In order to initiate the spray operation, the trigger (not shown) of the gun is actuated, whereupon the paint valve 12 opens its paint passage. The paint then flows past the sleeve 20 and through the opening 19 to the nozzle 17 and is sprayed out as a forward discharge. Together with the opening of the paint feed, or immediately before such opening, the air feed is also opened, so that the atomizer air emerges from the bores 24 and control air emerges from the bores 25. The electrostatic field between the gun and the workpiece to be sprayed thereby emanates from the tip of the forward electrode needle 21, whereby the latter has an electrically-conductive connection to the high-voltage feed 13 via the plate 18, the sleeve 20, the rear electrode needle 15 and the paint valve 12. With respect to the spray operation, the described spray gun does not differ from known electrostatic paint sprayguns having compressed air atomization, control air and a central electrode needle.

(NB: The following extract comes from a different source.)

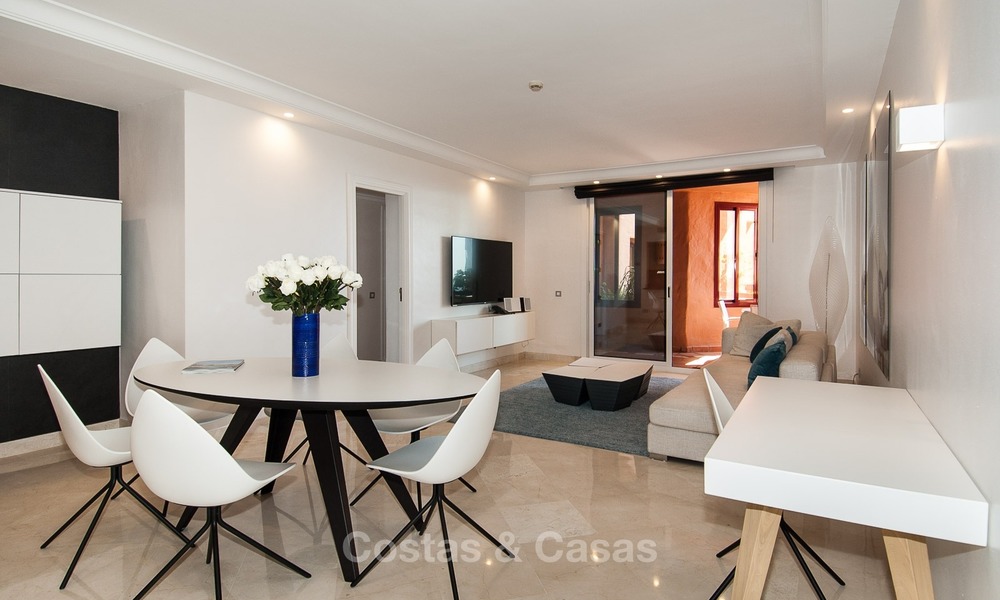 En venta en Hotel Kempinski, Marbella - Estepona: Apartamento reformado de estilo moderno 335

When, however, a rinsing operation is to be undertaken, for example, the screw cap 22 is first screwed off from the thread 26 and removed together with the closure member 23. Thereupon, the nozzle member 16 is screwed off from the thread 27 of the pistol tube 10 and removed together with the elements integrated therewith, namely the plate 18, the sleeve 20 and the forward needle electrode 21. As the rear electrode needle 15 normally projects beyond the forward face of the piston tube 10, with the aforementioned elements removed, the rear electrode needle 15 now projects freely beyond the forward face 30 of the pistol tube 10, namely preferably to a distance which corresponds to that distance by which the forward electrode needle 21 projects beyond the forward end of the nozzle 17 when the spraygun is assembled. Therewith, however, the same conditions exist electrically during the following rinsing operation as exist during the actual spray operation, i.e. a defined point of departure for the electrostatic field is now also provided. There are therefore also no hazards for the operator during the rinsing operation, in particular neither with engaged high voltage nor with disengaged high voltage (capacitance arcs). Over and above this, the danger of igniting rinse agent vapors due to uncontrollable sparking is also avoided. Also of significance is that the needle electrode 15, as mentioned, projects only slightly beyond the pistol tube, this substantially reducing the risks of a mechanical injury to the operator or of damage to the needle. It is advantageous when the electrode needle 21, building up the electrostatic field for the actual spray operation, is fashioned very thin and is very precisely fabricated with respect to its surface and the conicity of its tip. In other words, the electrode needle 21 should be composed of high-quality material, should have an accurate needle shape and should be highly burnished. In comparison thereto, only low requirements need be made of the rear electrode needle 15 because it serves as an electrode only during the rinsing operation, but only represents a contact pin otherwise. As illustrated on the drawing, the rear needle 15 can therefore be considerably thicker, this increasing its resistability.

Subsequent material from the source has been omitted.